La raison de cette inquiétude réside dans la nouvelle loi régissant cette profession, qui avait pourtant su s’adapter en acceptant d’intégrer des femmes parmi les adouls. Une version finale vient d’être adoptée avec des amendements au Parlement, contre leur volonté. Après avoir mené des sit-in de protestation, des grèves de longue durée et plusieurs tentatives auprès des pouvoirs publics pour bloquer, en l’état, la réforme initiée par le ministère de la Justice — sans concertation avec les intéressés — les adouls se retrouvent aujourd’hui dépités.

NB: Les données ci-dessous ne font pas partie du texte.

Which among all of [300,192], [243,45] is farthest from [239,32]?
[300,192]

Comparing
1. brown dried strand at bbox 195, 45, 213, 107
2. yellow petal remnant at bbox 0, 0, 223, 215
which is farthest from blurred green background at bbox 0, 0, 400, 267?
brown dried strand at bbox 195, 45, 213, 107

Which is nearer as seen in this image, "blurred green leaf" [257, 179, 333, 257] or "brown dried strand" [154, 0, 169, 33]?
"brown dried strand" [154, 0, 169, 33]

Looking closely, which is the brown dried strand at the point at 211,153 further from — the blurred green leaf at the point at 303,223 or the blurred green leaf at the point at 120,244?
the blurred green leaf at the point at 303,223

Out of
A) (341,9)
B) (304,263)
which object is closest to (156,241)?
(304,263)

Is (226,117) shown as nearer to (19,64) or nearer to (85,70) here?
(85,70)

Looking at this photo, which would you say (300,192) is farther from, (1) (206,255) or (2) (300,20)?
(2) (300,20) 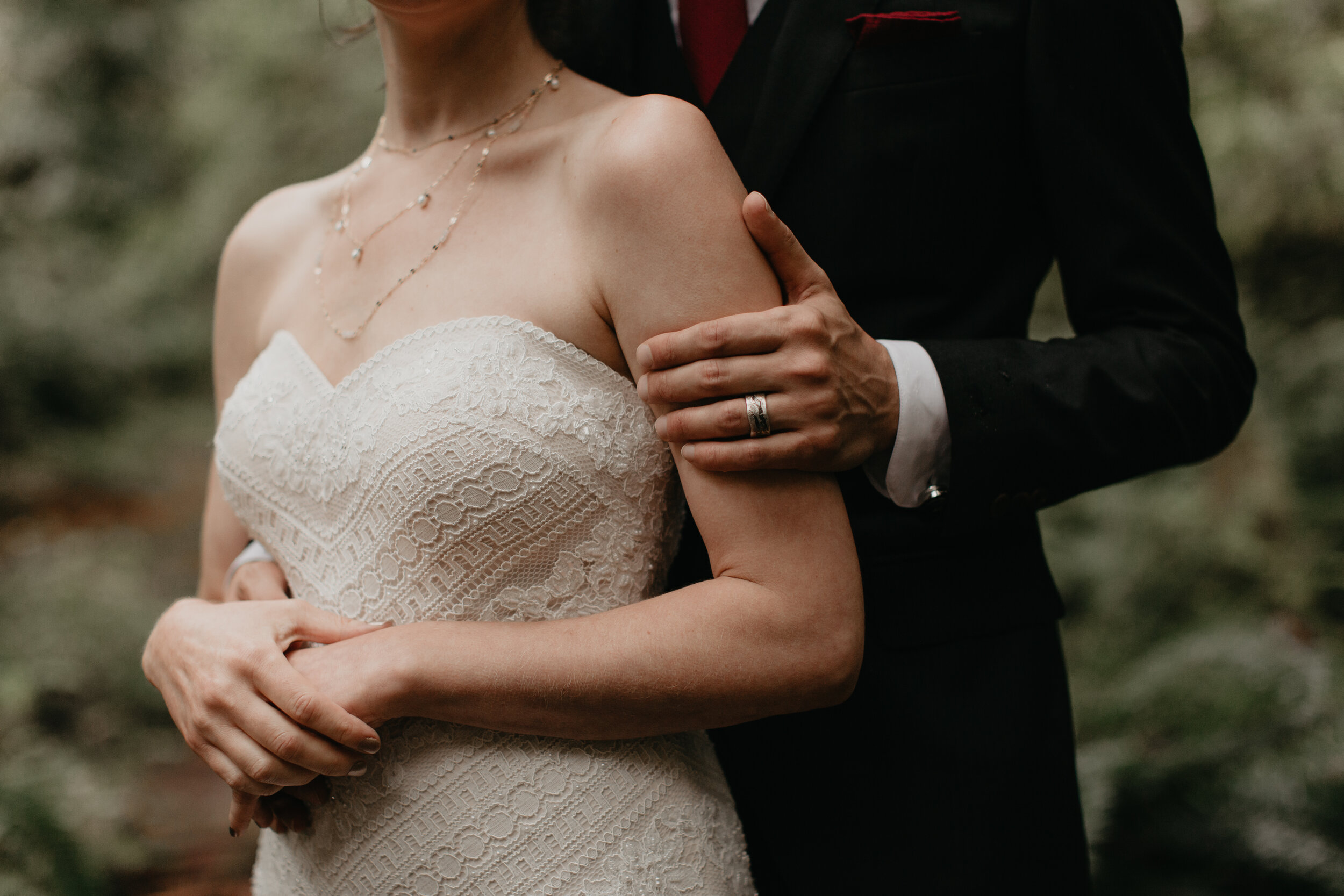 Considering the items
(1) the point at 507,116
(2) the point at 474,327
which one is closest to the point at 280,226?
(1) the point at 507,116

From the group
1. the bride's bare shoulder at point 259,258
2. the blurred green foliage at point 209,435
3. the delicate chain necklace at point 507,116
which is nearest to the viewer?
the delicate chain necklace at point 507,116

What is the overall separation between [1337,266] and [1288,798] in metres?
1.57

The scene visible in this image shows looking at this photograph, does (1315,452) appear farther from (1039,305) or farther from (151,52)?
(151,52)

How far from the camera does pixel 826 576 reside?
1018 mm

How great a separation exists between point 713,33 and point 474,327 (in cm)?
54

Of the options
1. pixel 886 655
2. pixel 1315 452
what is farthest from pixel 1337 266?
pixel 886 655

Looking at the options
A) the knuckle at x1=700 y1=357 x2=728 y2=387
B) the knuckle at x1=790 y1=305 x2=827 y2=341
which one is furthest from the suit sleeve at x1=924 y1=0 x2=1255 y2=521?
the knuckle at x1=700 y1=357 x2=728 y2=387

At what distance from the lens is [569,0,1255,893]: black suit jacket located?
1183mm

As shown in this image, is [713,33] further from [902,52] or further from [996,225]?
[996,225]

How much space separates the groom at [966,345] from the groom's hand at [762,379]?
13 cm

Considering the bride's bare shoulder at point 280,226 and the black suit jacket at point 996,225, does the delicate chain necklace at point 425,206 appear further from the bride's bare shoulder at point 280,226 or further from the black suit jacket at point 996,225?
the black suit jacket at point 996,225

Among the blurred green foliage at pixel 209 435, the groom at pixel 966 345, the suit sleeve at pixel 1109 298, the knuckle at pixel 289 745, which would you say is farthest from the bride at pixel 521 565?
the blurred green foliage at pixel 209 435

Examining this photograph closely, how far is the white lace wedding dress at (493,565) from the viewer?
1045 millimetres

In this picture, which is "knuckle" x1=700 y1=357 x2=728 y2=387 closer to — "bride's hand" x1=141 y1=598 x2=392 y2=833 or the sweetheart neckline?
the sweetheart neckline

Malgré leur organisation en associations, leur combat pour l’arrêt de la réforme s’est révélé être une montagne inaccessible. Leur déception s’est accentuée après avoir essuyé une fin de non-recevoir de la part du Chef du gouvernement, qui avait pourtant reçu les avocats, ce qui avait incité les adouls à espérer un traitement similaire. Il faut dire qu’avec cette réforme, qui touche à certains avantages financiers et à leur marge de manœuvre dans la rédaction des actes, les adouls se résignent désormais à envisager de quitter une profession qui n’offre plus les mêmes privilèges.
Face à ce désengagement progressif d’une activité qui leur conférait une stature respectée, fondée sur les lois, les traditions ainsi que les us et coutumes islamiques, c’est avec tristesse et nostalgie qu’ils envisagent de se tourner vers d’autres horizons, rangeant leurs cartables dans l’espoir d’un avenir meilleur.